• EXERCISE: Using the entries below, write out the line with "Powiatowy Dzień Praw Człowieka", the line with "Mushroom hand warmers", and every line in between, exactly as each is written.

• Items listed in a dataset:
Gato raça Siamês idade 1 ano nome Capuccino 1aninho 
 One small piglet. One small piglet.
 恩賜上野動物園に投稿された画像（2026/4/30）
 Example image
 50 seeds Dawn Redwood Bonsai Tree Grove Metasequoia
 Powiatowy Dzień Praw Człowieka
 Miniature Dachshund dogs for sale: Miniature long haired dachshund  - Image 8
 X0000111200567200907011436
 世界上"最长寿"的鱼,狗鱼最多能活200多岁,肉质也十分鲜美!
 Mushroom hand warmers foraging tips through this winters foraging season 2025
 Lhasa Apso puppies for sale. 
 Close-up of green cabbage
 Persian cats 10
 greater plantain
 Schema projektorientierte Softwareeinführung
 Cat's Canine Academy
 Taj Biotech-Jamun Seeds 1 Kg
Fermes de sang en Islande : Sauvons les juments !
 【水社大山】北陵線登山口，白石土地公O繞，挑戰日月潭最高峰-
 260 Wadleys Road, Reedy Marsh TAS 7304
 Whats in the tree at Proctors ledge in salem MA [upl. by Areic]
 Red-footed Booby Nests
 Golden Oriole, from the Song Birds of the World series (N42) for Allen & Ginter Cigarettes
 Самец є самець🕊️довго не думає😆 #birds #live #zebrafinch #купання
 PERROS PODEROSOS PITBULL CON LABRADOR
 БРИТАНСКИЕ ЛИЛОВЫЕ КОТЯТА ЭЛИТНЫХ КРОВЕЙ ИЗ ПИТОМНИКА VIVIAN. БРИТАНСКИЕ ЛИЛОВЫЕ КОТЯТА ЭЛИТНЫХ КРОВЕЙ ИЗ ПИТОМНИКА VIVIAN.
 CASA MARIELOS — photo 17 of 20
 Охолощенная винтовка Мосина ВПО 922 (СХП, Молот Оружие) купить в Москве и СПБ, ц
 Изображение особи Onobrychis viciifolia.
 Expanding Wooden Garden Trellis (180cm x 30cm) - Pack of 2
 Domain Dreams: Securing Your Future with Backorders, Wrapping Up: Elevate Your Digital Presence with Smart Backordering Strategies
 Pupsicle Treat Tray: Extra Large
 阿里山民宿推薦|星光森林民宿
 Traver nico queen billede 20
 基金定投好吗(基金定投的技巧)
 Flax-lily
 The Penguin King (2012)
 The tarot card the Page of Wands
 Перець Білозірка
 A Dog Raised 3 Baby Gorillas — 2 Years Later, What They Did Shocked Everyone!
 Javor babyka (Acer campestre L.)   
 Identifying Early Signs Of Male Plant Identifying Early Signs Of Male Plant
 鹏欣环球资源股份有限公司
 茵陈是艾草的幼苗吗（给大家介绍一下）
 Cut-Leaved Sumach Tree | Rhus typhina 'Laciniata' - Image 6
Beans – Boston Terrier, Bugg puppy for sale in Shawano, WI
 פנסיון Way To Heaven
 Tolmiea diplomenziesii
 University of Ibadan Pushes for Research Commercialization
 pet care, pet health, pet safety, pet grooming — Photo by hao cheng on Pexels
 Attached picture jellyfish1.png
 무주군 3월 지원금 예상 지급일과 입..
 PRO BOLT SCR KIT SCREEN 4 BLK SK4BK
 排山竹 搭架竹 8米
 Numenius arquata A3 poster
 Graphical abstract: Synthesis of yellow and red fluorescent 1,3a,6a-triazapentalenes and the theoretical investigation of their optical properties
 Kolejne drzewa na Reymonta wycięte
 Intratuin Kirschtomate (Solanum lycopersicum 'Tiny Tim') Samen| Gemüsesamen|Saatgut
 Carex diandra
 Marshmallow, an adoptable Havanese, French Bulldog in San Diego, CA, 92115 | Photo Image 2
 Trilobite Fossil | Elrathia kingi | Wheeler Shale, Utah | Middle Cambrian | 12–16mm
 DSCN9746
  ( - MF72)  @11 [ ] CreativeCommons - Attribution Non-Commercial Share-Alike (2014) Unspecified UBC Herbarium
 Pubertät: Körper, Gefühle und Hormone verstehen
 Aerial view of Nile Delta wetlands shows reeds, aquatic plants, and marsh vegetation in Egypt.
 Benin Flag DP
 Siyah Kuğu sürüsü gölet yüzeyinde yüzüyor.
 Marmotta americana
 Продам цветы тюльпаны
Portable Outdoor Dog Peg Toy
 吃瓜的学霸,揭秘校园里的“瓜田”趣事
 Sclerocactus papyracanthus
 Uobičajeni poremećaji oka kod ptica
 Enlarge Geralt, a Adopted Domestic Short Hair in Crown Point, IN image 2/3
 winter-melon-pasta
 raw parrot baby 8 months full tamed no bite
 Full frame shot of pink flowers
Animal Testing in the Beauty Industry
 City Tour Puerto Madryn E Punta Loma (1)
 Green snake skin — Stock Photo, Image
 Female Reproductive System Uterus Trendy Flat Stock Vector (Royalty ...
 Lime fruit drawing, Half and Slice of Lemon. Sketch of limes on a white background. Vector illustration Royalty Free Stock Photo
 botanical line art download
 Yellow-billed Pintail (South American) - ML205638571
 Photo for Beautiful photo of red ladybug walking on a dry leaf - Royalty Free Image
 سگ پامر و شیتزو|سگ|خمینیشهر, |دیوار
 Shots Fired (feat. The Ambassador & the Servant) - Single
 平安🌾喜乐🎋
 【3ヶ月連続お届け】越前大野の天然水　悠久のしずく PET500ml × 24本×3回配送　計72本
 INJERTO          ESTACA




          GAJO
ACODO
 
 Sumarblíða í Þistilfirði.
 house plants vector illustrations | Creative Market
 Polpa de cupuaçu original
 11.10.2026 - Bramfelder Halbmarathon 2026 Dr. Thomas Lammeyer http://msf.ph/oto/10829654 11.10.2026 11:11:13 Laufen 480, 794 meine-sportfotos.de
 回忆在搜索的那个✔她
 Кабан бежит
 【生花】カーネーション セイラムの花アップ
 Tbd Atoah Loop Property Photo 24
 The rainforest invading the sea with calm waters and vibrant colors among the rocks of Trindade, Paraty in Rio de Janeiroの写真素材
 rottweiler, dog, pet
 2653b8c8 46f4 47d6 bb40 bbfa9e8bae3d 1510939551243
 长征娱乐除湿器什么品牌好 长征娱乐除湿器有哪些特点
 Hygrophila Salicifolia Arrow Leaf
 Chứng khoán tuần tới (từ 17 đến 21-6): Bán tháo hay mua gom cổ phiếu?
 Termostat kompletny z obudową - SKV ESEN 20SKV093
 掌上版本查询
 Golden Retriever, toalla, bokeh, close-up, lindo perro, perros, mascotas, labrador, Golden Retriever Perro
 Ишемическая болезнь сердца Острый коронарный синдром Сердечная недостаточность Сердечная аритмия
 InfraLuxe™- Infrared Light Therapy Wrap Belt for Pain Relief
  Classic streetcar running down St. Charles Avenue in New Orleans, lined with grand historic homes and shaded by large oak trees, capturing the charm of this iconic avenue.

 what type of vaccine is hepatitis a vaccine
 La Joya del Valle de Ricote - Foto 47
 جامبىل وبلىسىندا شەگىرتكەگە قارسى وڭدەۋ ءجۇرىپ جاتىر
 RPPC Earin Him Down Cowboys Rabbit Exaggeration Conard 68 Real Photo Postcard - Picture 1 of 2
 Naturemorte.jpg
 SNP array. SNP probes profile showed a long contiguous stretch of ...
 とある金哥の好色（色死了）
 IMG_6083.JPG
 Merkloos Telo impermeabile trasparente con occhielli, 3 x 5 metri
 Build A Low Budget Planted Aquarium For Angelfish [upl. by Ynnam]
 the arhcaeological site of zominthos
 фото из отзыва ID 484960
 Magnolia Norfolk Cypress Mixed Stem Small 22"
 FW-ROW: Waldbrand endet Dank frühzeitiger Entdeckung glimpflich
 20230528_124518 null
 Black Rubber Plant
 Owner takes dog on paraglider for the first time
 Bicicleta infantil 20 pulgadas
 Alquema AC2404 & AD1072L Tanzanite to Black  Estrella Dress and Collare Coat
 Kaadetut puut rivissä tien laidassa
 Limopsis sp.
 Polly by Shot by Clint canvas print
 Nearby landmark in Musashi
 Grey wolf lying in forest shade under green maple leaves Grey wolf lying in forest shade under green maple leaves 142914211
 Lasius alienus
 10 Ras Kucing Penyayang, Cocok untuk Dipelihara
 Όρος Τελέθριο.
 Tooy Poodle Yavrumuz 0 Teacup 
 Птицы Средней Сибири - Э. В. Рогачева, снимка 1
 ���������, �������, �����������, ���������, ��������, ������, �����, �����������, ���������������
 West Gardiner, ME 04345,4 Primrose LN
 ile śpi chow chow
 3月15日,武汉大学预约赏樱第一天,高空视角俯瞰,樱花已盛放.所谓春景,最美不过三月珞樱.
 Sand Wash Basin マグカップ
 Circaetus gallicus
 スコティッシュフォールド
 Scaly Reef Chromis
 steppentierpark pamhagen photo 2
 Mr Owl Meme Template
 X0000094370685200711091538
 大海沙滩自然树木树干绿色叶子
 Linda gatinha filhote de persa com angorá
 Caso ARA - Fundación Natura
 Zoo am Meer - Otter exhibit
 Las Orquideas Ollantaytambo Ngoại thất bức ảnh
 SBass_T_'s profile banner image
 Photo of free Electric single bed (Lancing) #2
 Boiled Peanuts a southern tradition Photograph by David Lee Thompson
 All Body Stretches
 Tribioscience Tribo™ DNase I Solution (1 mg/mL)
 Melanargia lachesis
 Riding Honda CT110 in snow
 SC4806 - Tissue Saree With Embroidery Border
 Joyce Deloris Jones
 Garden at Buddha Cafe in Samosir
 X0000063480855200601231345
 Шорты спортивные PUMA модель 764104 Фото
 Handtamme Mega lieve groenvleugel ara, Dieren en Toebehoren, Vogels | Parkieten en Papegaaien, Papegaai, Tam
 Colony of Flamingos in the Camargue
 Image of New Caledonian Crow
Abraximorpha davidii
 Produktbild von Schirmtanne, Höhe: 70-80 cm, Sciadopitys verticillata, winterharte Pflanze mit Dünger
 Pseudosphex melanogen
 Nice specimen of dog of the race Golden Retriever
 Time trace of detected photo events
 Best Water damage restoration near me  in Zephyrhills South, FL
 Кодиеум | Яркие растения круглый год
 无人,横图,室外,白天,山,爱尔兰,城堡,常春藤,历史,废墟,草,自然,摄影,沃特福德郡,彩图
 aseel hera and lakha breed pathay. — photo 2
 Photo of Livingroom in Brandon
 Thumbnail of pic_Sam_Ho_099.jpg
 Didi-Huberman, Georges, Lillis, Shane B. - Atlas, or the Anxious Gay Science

• RESPONSE TO THE TASK:
 Powiatowy Dzień Praw Człowieka
 Miniature Dachshund dogs for sale: Miniature long haired dachshund  - Image 8
 X0000111200567200907011436
 世界上"最长寿"的鱼,狗鱼最多能活200多岁,肉质也十分鲜美!
 Mushroom hand warmers foraging tips through this winters foraging season 2025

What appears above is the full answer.